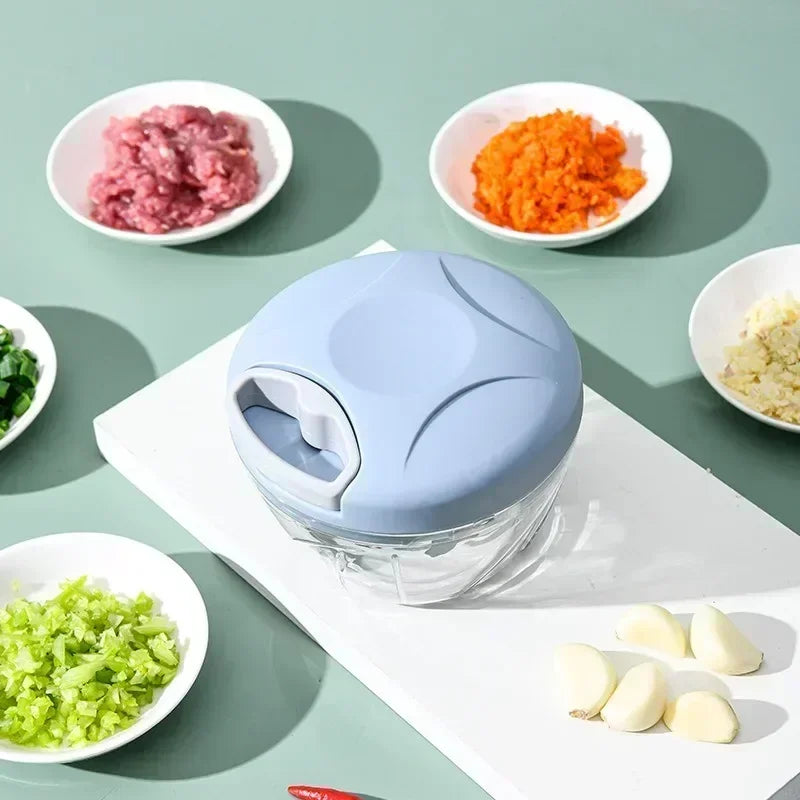 Hand-Powered Food Chopper – Onion Cutter, Garlic Crusher, Meat Mincer
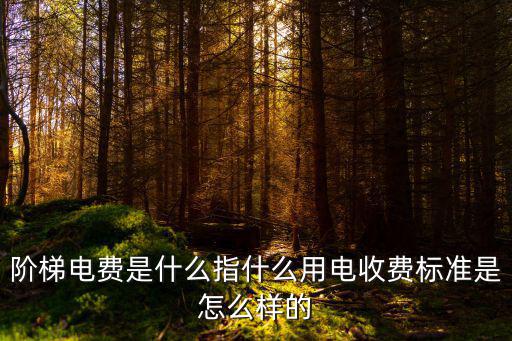 階梯電費是什么指什么用電收費標準是怎么樣的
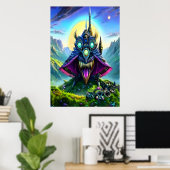 スティームパンクファンタジーの森 | AI Art ポスター (ホームオフィス)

Exercise requirements =
Where the data contains images, drop them and print the rest exactly.

Task solution =
 Hand-Powered Food Chopper – Onion Cutter, Garlic Crusher, Meat Mincer
 階梯電費是什么指什么用電收費標準是怎么樣的
 スティームパンクファンタジーの森 | AI Art ポスター (ホームオフィス)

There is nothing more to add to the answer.